Dependent claims 2-3 and 6 are read upon by the claim 1 of U.S. Patent No. 12,111,789.
Claims 7-8, 10, 14-15, 17, 19, and 23 are rejected on the ground of nonstatutory double patenting as being unpatentable over claims 1 of U.S. Patent No. 12,111,789 in view of Goel et al. (U.S. 2016/0055667).
Claims 4, 12, 21, 24-25, and 27 are rejected on the ground of nonstatutory double patenting as being unpatentable over claims 1 of U.S. Patent No. 12,111,789 in view of Goel et al. (U.S. 2016/0055667), in view of Official Notice.
Maintained and New Claim Rejections - 35 USC § 102
In the event the determination of the status of the application as subject to AIA 35 U.S.C. 102 and 103 (or as subject to pre-AIA 35 U.S.C. 102 and 103) is incorrect, any correction of the statutory basis for the rejection will not be considered a new ground of rejection if the prior art relied upon, and the rationale supporting the rejection, would be the same under either status.

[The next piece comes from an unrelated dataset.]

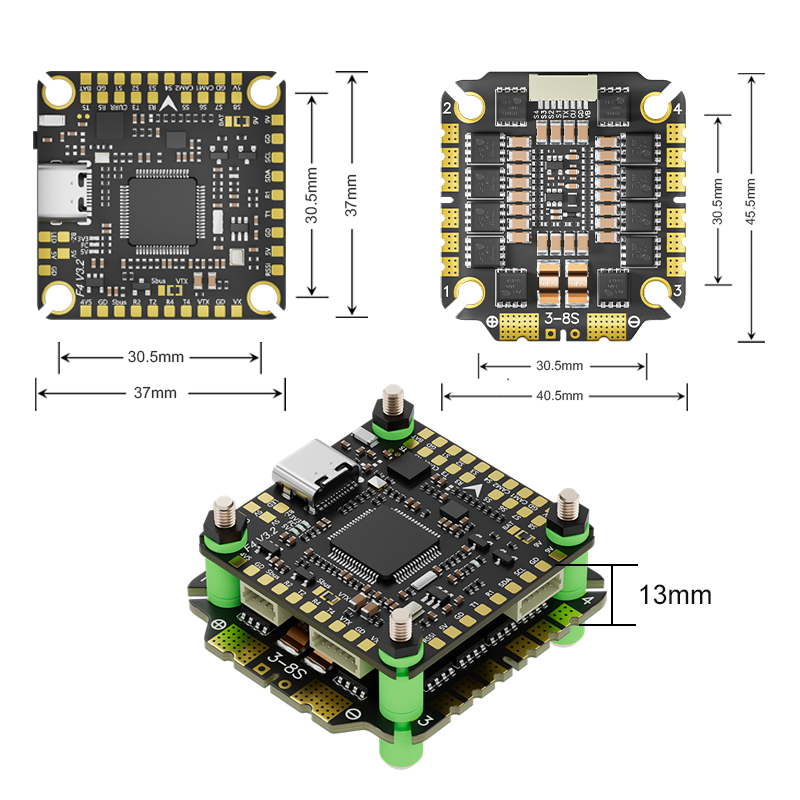 Aocoda-RC F455/65/75 V3.2 Stack F405 V3.2 FC+55A/65A/75A 32BIT 4in1 ESC 30x30mm for FPV Freestyle Drone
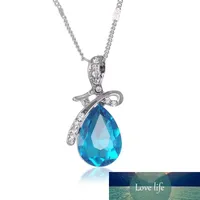 6 Colors water drop pendant necklaces crystal chain diamond angel tears fashion jewelry for girls Factory price expert design Quality Latest Style Original Status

The following is a quotation of the appropriate paragraphs of 35 U.S.C. 102 that form the basis for the rejections under this section made in this Office action:
A person shall be entitled to a patent unless –
(a)(1) the claimed invention was patented, described in a printed publication, or in public use, on sale or otherwise available to the public before the effective filing date of the claimed invention.
(a)(2) the claimed invention was described in a patent issued under section 151, or in an application for patent published or deemed published under section 122(b), in which the patent or application, as the case may be, names another inventor and was effectively filed before the effective filing date of the claimed invention.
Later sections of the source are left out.